Question : Is there a straightforward way to split pandas dataframe into multiple groups based on index, apply a pre-defined function to calculate a new feature and combine the groups back to original shape with extended feature?
I'm trying to enrich features in NYC GreenTaxi Data as shown below,
Loading data and defining process function
import pandas as pd
from geopy.geocoders import Nominatim
import os
import urllib.request
#Downloading the data, if not present
if not os.path.exists('./gc_data_sept15.csv'):
urllib.request.urlretrieve('https://s3.amazonaws.com/nyc-tlc/trip+data/green_tripdata_2015-09.csv', './gc_data_sept15.csv')
#load the data
greentaxi_data = pd.read_csv('./gc_data_sept15.csv')

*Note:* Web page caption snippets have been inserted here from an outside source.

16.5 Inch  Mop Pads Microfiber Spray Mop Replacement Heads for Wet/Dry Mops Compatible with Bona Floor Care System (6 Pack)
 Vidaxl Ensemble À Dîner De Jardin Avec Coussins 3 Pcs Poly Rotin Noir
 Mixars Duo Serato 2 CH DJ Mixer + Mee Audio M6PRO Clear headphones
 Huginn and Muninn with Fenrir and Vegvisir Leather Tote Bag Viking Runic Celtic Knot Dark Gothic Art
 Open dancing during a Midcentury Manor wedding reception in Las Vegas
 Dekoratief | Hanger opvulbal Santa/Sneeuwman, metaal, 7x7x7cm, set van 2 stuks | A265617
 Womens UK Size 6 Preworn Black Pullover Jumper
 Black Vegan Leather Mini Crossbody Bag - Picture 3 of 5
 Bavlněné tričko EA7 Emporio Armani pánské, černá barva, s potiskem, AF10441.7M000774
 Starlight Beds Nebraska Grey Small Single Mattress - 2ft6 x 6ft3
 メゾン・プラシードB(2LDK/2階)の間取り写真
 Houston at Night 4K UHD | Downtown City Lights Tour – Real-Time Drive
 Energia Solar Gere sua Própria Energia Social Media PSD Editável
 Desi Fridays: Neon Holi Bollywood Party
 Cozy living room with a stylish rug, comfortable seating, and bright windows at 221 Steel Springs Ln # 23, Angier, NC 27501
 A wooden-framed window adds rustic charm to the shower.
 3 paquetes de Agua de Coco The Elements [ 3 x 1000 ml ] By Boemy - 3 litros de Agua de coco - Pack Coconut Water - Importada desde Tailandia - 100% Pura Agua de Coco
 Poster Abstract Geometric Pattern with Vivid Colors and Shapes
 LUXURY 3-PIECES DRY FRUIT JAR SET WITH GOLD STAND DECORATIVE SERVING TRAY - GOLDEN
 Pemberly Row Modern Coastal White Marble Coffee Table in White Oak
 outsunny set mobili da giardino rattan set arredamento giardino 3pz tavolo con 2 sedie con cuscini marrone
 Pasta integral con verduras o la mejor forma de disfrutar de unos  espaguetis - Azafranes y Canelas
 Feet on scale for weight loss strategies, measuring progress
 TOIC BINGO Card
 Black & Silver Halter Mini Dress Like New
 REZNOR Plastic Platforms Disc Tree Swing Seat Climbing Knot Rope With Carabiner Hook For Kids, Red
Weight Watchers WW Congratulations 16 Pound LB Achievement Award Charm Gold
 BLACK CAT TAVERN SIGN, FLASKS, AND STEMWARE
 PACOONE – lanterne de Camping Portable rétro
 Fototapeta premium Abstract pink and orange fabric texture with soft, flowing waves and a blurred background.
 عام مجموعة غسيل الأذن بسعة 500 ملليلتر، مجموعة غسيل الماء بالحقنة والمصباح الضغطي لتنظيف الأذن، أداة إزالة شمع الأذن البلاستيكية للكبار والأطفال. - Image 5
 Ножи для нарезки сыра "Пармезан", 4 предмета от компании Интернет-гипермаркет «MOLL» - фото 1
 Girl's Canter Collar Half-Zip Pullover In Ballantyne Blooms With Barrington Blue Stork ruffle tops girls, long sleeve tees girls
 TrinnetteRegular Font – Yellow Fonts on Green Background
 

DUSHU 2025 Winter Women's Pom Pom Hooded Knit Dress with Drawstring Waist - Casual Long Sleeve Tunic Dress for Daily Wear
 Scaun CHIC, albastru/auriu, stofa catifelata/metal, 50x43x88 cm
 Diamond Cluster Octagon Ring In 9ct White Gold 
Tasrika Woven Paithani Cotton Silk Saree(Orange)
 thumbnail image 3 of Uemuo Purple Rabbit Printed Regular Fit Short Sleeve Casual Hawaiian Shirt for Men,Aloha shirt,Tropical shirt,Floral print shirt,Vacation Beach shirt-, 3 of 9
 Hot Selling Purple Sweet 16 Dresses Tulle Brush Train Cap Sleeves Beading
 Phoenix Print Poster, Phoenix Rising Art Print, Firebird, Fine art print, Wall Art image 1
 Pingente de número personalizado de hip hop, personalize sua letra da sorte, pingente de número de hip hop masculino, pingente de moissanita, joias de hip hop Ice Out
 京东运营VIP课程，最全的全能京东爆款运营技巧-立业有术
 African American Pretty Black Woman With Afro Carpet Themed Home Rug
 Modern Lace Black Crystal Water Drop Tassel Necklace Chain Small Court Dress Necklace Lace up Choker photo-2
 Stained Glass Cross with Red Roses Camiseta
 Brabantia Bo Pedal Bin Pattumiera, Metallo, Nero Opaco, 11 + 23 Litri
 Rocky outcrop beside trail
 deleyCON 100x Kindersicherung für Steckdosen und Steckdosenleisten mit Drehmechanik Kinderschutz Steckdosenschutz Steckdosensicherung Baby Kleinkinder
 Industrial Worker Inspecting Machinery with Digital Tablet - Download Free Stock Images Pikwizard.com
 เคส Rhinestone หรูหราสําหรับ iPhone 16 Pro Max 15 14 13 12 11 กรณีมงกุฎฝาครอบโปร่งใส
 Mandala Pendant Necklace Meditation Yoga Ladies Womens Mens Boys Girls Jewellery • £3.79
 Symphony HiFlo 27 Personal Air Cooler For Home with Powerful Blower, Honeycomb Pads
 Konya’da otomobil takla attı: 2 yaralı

#functionality to get the county based on co-ordinates, using geolocator api of geopy
def getCounty(coords,geolocator):
location = geolocator.reverse(coords)
if location.raw is not None and location.raw['address']['county'] is not None:
return location.raw['address']['county'].split()[0]
else :
return 'Unknown'
Checking functionality over a subset
#define geolocator and derive a Pickup_borough
subset_ = greentaxi_data[:100]
geolocator = Nominatim(timeout=5000)
subset_['Pickup_borough'] = subset_.apply(\
lambda row: getCounty((row['Pickup_latitude'],\
row['Pickup_longitude']),geolocator),axis=1)
This works
>>> subset_['Pickup_borough'].head(5)
0 Kings
1 Bergen
2 Queens
3 Queens
4 Kings
But when I try to do it on the original dataframe inspite of repeated attempts with an higher timeout, I keep getting 'Service timedout' after a certain index.
So here's my question, Is there a way where I could split the dataframe to a subset of say 1000 indexes, apply the function above and combine the result back to original dataframe shape.
Original Data Size :
>>> greentaxi_data.shape
(1494926, 21)